ACTIVITY: Starting at the line that contains "despina-vandi__1__2", restate every line word for word through the end of the entries.

MATERIAL SHOWN:
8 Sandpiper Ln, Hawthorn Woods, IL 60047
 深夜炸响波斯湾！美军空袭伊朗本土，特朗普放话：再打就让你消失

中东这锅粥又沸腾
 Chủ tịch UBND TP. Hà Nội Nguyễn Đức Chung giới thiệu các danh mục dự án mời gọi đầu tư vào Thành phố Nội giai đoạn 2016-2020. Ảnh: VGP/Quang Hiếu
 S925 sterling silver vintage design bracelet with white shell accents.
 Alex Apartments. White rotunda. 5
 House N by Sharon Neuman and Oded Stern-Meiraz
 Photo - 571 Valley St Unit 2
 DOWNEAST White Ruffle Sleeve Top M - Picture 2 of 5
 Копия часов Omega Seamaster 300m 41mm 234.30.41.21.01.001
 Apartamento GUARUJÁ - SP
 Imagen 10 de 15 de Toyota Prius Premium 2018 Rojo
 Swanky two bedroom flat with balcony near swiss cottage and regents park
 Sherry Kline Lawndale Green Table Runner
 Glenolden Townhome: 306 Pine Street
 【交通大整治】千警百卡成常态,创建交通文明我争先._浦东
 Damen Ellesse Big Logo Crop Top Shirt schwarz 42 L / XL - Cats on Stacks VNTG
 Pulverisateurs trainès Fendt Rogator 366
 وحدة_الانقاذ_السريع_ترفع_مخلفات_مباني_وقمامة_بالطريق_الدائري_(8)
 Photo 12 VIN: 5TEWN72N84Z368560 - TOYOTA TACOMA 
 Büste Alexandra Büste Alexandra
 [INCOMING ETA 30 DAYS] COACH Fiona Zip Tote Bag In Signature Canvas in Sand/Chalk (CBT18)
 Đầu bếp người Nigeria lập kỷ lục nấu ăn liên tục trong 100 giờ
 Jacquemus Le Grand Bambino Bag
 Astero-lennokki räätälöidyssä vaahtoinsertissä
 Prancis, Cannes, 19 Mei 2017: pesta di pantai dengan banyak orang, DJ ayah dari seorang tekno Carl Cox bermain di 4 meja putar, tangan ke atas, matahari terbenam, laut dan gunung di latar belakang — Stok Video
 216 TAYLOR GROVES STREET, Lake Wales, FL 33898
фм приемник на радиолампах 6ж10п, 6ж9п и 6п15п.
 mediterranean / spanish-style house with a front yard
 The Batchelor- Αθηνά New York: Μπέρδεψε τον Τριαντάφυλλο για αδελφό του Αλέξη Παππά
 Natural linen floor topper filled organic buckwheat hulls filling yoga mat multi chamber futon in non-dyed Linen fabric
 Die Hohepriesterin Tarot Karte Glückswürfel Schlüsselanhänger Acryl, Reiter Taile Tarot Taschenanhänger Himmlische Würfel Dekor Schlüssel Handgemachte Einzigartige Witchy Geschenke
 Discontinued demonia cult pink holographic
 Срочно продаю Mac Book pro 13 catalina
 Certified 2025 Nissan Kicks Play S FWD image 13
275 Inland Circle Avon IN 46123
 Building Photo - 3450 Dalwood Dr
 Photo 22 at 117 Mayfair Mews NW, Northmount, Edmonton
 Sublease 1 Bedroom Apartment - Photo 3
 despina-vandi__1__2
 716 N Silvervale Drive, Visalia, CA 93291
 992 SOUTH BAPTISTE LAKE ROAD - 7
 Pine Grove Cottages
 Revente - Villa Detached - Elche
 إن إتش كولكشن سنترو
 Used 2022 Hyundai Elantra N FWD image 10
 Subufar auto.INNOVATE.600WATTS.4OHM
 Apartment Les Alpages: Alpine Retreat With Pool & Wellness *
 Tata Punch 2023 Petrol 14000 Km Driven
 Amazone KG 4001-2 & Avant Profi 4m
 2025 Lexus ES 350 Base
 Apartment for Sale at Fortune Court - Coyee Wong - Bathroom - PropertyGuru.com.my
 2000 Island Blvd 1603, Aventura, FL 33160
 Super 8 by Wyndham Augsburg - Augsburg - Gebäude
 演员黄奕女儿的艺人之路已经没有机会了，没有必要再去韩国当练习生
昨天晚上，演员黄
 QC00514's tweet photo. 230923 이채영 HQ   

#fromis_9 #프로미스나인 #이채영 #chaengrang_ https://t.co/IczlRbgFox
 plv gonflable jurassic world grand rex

ANSWER BOX:
 despina-vandi__1__2
 716 N Silvervale Drive, Visalia, CA 93291
 992 SOUTH BAPTISTE LAKE ROAD - 7
 Pine Grove Cottages
 Revente - Villa Detached - Elche
 إن إتش كولكشن سنترو
 Used 2022 Hyundai Elantra N FWD image 10
 Subufar auto.INNOVATE.600WATTS.4OHM
 Apartment Les Alpages: Alpine Retreat With Pool & Wellness *
 Tata Punch 2023 Petrol 14000 Km Driven
 Amazone KG 4001-2 & Avant Profi 4m
 2025 Lexus ES 350 Base
 Apartment for Sale at Fortune Court - Coyee Wong - Bathroom - PropertyGuru.com.my
 2000 Island Blvd 1603, Aventura, FL 33160
 Super 8 by Wyndham Augsburg - Augsburg - Gebäude
 演员黄奕女儿的艺人之路已经没有机会了，没有必要再去韩国当练习生
昨天晚上，演员黄
 QC00514's tweet photo. 230923 이채영 HQ   

#fromis_9 #프로미스나인 #이채영 #chaengrang_ https://t.co/IczlRbgFox
 plv gonflable jurassic world grand rex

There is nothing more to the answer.